CouchDB - kdwivedi1985/system-design GitHub Wiki
What is CouchDB?
- CouchDB is an open-source NOSQL database which support traditional map/reduce and mango query language.
- Map/Reduce in CouchDB is a core mechanism for querying and aggregating data. It creates a static view using java script to index and aggregate documents. Map function extracts key-value from each document, sort them and optionally reduce (aggregate) them.
- Views are stored in design document and incrementally updated for efficiently querying over large datasets.
- Mango is a modern, easier-to-use query language within CouchDB for ad-hoc queries.
- Use-Case: CouchDb with Map/Reduce is best for prediucatable, high-performance queries on large dataset.
CouchDb Cluster Architecture
- CouchDB supports multi-master (active-active) replication, meaning every node in the cluster can accept writes independently.
- Changes made on one node are asynchronously replicated to others. Replication can be continuous or one-off.
- Replication is peer-coordinated; any node can initiate replication with any other node
- Replication is of data depends on replication factor.
- Sharding is based on consistent hashing.
- When a client sends a request to any node in the cluster, that node acts as a coordinator. If the node does not hold the shard containing the requested document, it proxies the request internally to one of the nodes that do hold the shard replica.
- Each node maintains Cluster Proxies (Smartproxy/Dumbproxy), which holds meta-data for shards.
CouchDB VS MongoDB
Feature | CouchDB (Map/Reduce Views) | CouchDB (Mango) | MongoDB |
---|---|---|---|
Data Model | JSON documents | JSON documents | BSON documents |
Querying | Predefined JavaScript Map/Reduce views | Declarative JSON queries (ad-hoc) | Rich dynamic queries & aggregation |
Indexing | Precomputed views (B-tree indexes) | On-demand indexes | On-demand, can be less efficient with large data |
Consistency | Eventual consistency | Eventual consistency | Strong consistency (document-level) |
Replication | Multi-master, conflict detection/resolution | Multi-master | Primary-secondary replica sets |
UseCase | Good for read-heavy, Large, stable datasets where queries are known in advance | Flexible, but can scan if no index | High throughput, optimized storage |
- CouchDB with Map/Reduce is best for predictable, high-performance queries on large data.

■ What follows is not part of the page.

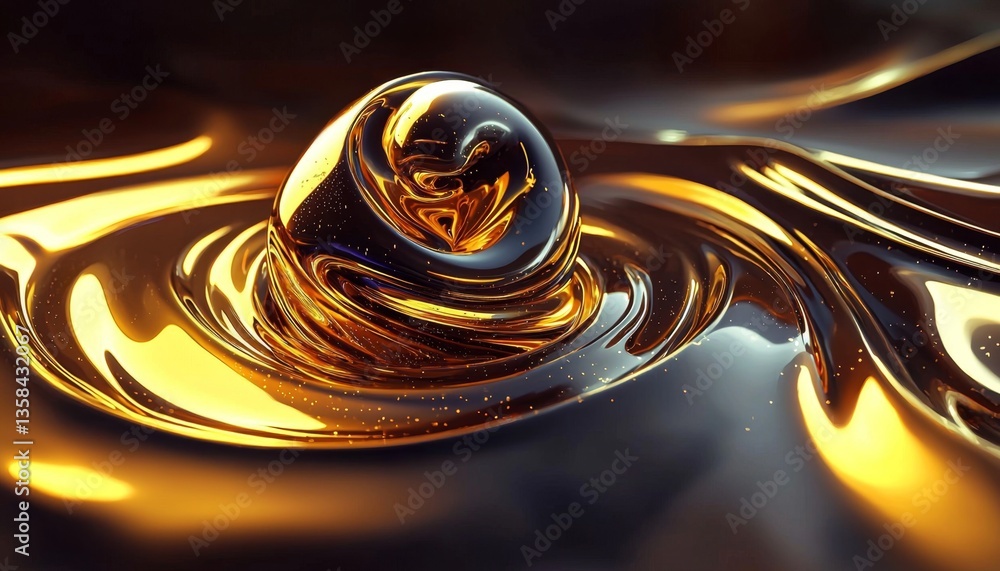 Poster an abstract depiction of liquid mercury, showcasing its dynamic and glossy properties.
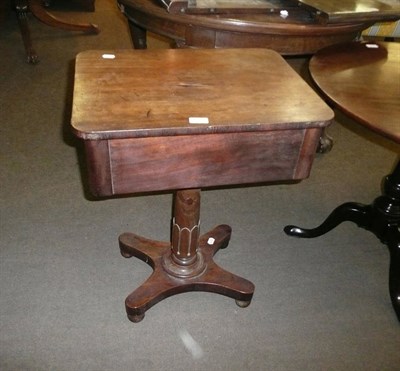 Lot 601 - A Victorian mahogany pedestal work table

- Mango is best for rapid development and flexible, simple queries.
How to choose between CouchDB and MongoDB?
- CouchDB was introduced before MongoDB but Mongo is more popular than CouchDB.
- IBM's Cloudant is build on CouchDB.
- Chose CouchDB if - resilience is priority over consistency for you. If you are ok with offline data sync and eventual consistency.
- CouchDB has carved out a niche, especially in environments where replication, offline-first sync, and resilience are critical.